ブレント原油は米国とイランの覚書合意を受けて当初下落したものの、その後持ち直し、終値は前日比0.38%高の1バレル=79.85ドルとなった。日中安値は76.45ドルまであったとドイツ銀行が述べた。この動きは、当局者がホルムズ海峡での通航再開を示唆するなかで、市場のポジショニングが戦争関連の景気懸念から離れたことを受けたものだ。
米国とイランの当局者は原油フローが再開したと示し、米副大統領は前夜に1,250万バレルが同海峡を通過したと述べ、さらに米国の封鎖をほぼ12隻の船舶が通過したと付け加えた。取り決めでは、イランが商業船舶に対し60日間、無償で安全な通航を提供する一方、ホルムズ海峡における将来の管理運営および海事サービスについて、オマーンと協議を行う。統治の枠組みや将来的な通航料の有無は未解決のままだ。
短期的な影響とトレーディング戦略
米国とイランの新たな了解を受け、原油価格を押し上げていた当面の「戦争プレミアム」は剥落し始めているとみる。すでに1,250万バレルがホルムズ海峡を通過したとの確認は、フローが迅速に正常化していることを示唆する。世界の1日当たり石油消費量の約20%がこのチョークポイントを通過しており、通航が保証されることは短期的な供給途絶リスクを大きく低下させる。
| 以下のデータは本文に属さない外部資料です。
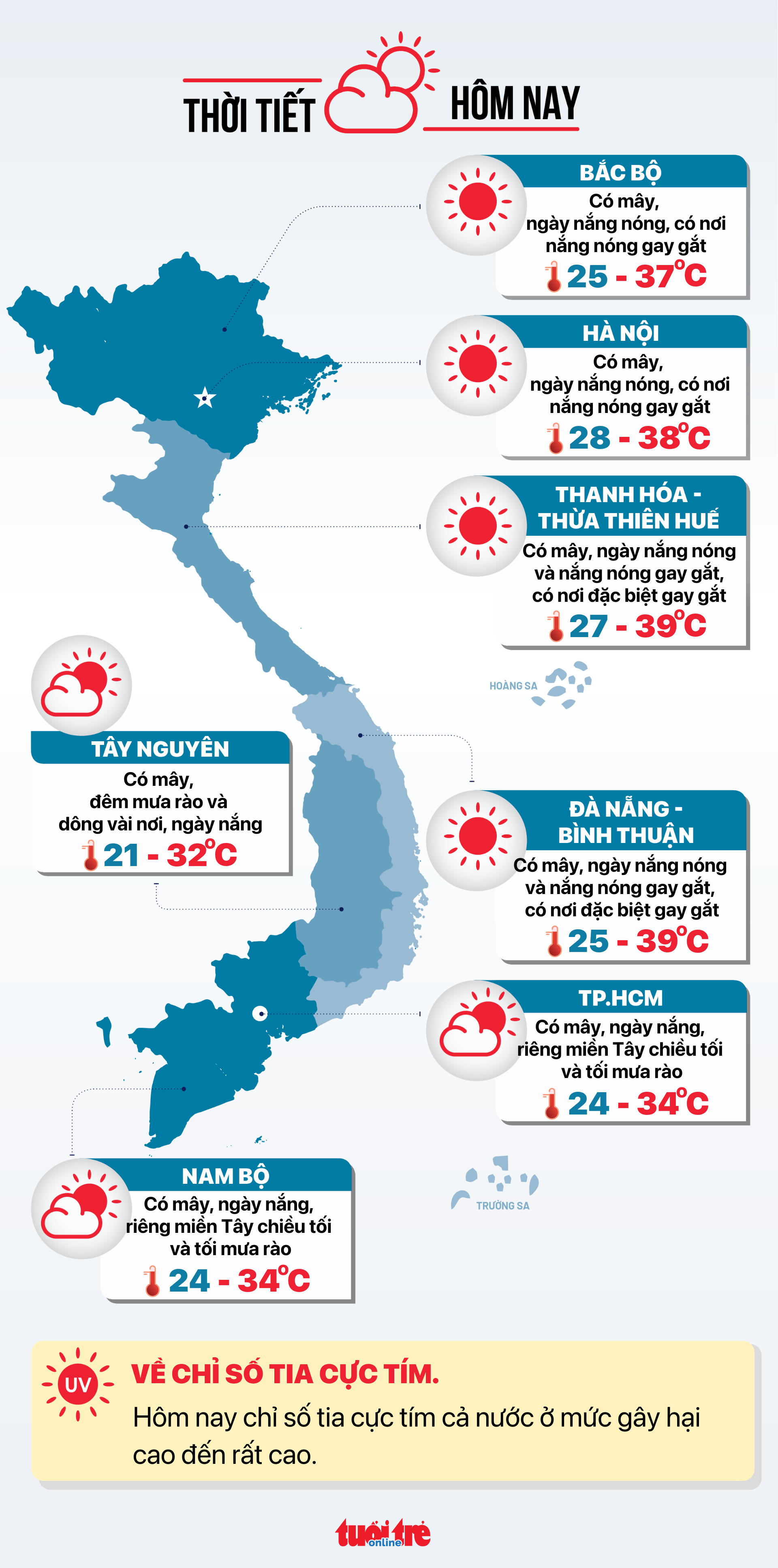 Tin tức thời tiết hôm nay 30-6 - Đồ họa: NGỌC THÀNH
今後数週間は、ブレント価格に下押し圧力がかかり、地合いは軟化すると予想する。無償通航の60日間は明確な安定期間を提供するため、期近限月のオプションにおけるインプライド・ボラティリティは低下しやすい。7月および8月上旬満期(エクスパイア)の戦略としては、アウト・オブ・ザ・マネーのコールを売る、またはプットを買い、価格が再び70ドル台半ばへじり安となる展開に備えるのが妥当だと考える。
中期の市場環境とリスク要因
もっとも、この価格の弱さは一時的となる可能性が高い。需給の基調はなお引き締まっているためだ。直近のEIA(米エネルギー情報局)統計では、米国の原油在庫は先週250万バレル減少した。OPECプラスも第2四半期を通じて生産規律を維持している。価格が76.45ドルまで下落した後、急速に80ドル近辺まで戻したことは、供給の戻りを吸収し得るだけの実需の強さが残っていることを示す。
したがって、最大の焦点は8月中旬の60日期限が近づく局面にある。2015年のJCPOA(包括的共同行動計画)合意をめぐる交渉時にも、交渉を挟んでボラティリティが上昇する似たパターンが見られた。将来の通航料や地域の安定性を巡る不確実性が再浮上する局面での大きな価格変動に備え、より長期のストラドルやストラングルの購入を検討している。